Inyo County
Water Department

The Owens Valley Monitor 2002-2003

rev soil water map.JPG (444241 bytes)
Figure 5. Soil water/root zone
connection at permanent monitoring sites.

Soil Water Conditions
— Aaron Steinwand, Soil Scientist

     The Inyo/Los Angeles Water Agreement established procedures to determine which LADWP pumping wells can be operated based on soil water and vegetation measurements. Staff from the Water Department routinely monitors depth to groundwater and soil water content at 25 sites in wellfields and eight sites in control areas. Data from 22 wellfield sites visited each month are used to determine the operational status (On or Off) of nearby pumping wells. In October 2002, nine sites were in On-status. Three sites with low plant cover entered On-status following November storms and one site entered On-status in March due to water table recovery and precipitation.
     The purpose for the On/Off procedures is to manage pumping to protect plant communities that require periodic connection to the water table for long-term survival. Generally, the sites with On-status have wet soil and shallow water tables, and the Off-status sites have dry soil and deep water tables. The On/Off determination is affected by several other factors, however, and sometimes On-status sites are those with a deep water table and low plant cover. Conversely, a site with adequate water table depth may be in Off-status if the water table occurs just below the root zone and plant cover is high. These inconsistencies contradict the assumption that operating pumps in On-status will not adversely affect vegetation near the monitoring sites, but operating wells in Off-status will.
     We determine which monitoring sites are connected with the water table to give a clearer picture of the conditions underground that are affected by pumping. We rely on soil water and groundwater data because the water table depth necessary to provide water to the plant roots depends on the soil characteristics as well as water table depth. For example, the capillary rise above the water table in a silty soil is much greater than in a sandy soil. At the same water table depth, the plants may have access to groundwater if the soil is silty, but not if it is sandy. How well plant roots can take up groundwater also depends on the type of vegetation. In similar soils, a shallower water table is necessary to supply groundwater to grasses than shrubs because of the shallower roots of the grasses. For management purposes, grass-dominated monitoring sites are assigned a root zone of 2 meters; shrub sites are assigned a root zone of 4 meters.
     The wellfield monitoring sites were grouped into three categories to summarize the connection between the root zone and the water table. Brief descriptions of the three categories are given below.

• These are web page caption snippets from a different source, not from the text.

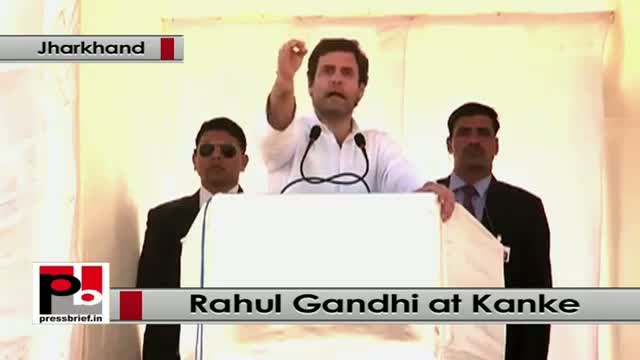 Watch Jharkhand polls: At Kanke, Rahul Gandhi attacks Modi-led NDA Govt at the Centre Video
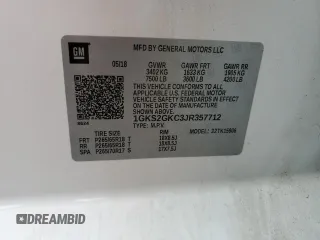 2018 GMC Yukon XL SLT with VIN 1GKS2GKC3JR357712, listed as a Copart auction lot 79893874 with 140,820 mi miles and Salvage Title. Bid and sale history available at carsss.com. Image 14.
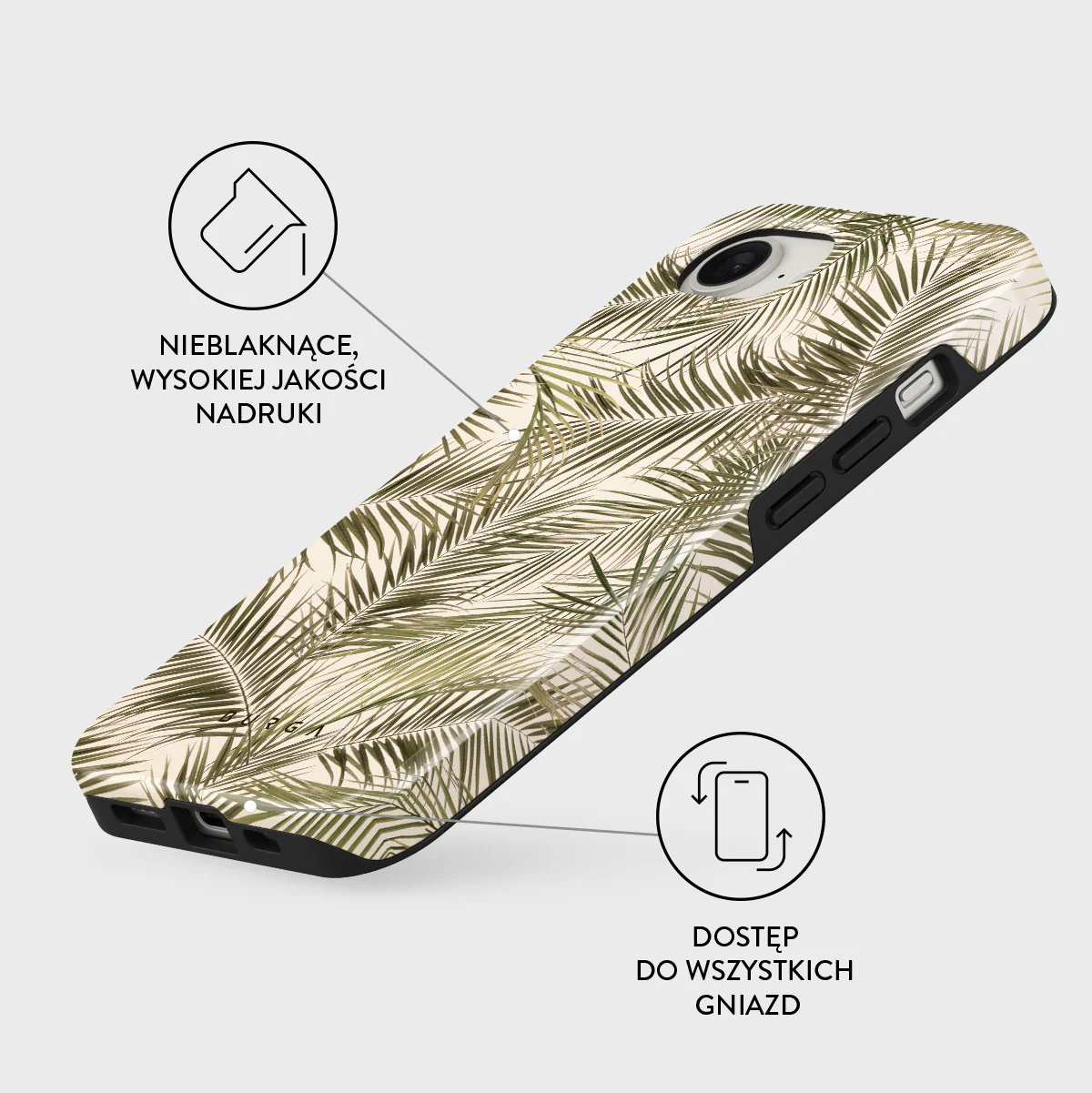 Happy Place - iPhone 17e Etui - Image 3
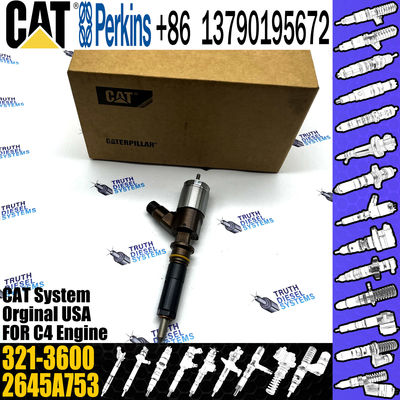 3213600 321-3600 10R-7938 common rail diesel fuel injector for Caterpillar C6.6 C6.4 Engine CAT injector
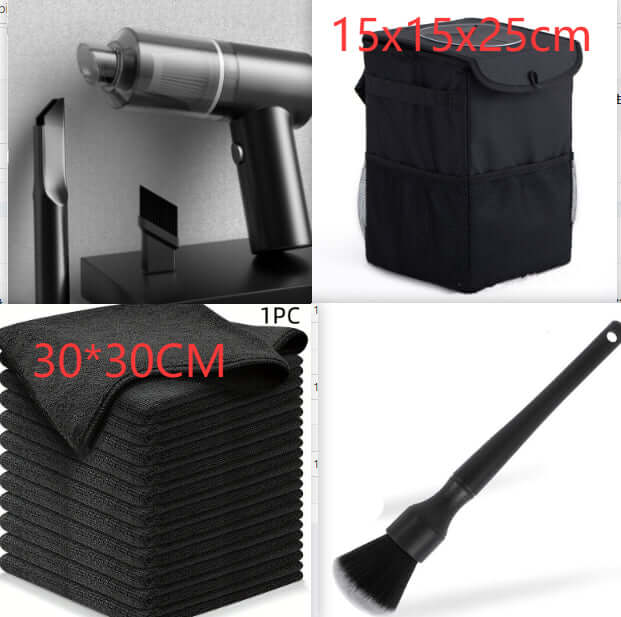 Wireless Car Vacuum Cleaner 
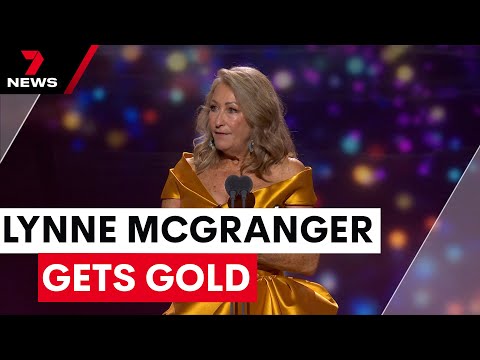 Seven's Lynne McGranger takes home the 2025 Gold Logie | 7NEWS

  1. Disconnected: No groundwater is recharging the root zone. Thirteen sites occur in this category. Sites L2, TA4, and IO1 have retained soil water in the root zone. Soil at the other sites is dry except at shallow depths affected by rain.
  2. Weakly connected: Water table fluctuations cause soil water changes in the bottom half of the root zone. Seven sites occur in this category, and all have a considerable amount of retained soil water.
  3. Connected: Water table fluctuations cause soil water changes in the top half of the root zone. Five sites occur in this category.

     The relatively low pumping and high runoff from 1995 to 1998 caused the water table and soil water recovery to increase at most monitoring sites from the decline induced by drought and large amounts of pumping in the late 1980s. Since 1999, however, the water table stopped rising or began to decline at most sites because of lower runoff, increased pumping, or because water tables approached shallow depths similar to pre-drought levels. Consequently, the number of sites where soil water responds to water table fluctuations has decreased. As of April 2003, the water table was supplying water to the root zone at twelve monitoring sites located in wellfields (Figure 5). This compares to about 20 sites with groundwater in the root zone in 2000. Soil water at slightly more than half of the sites (13) did not increase at depth after plant transpiration ceased in the fall of 2002 and/or did not respond to water table increases over the following winter suggesting that the water table and root zone are disconnected.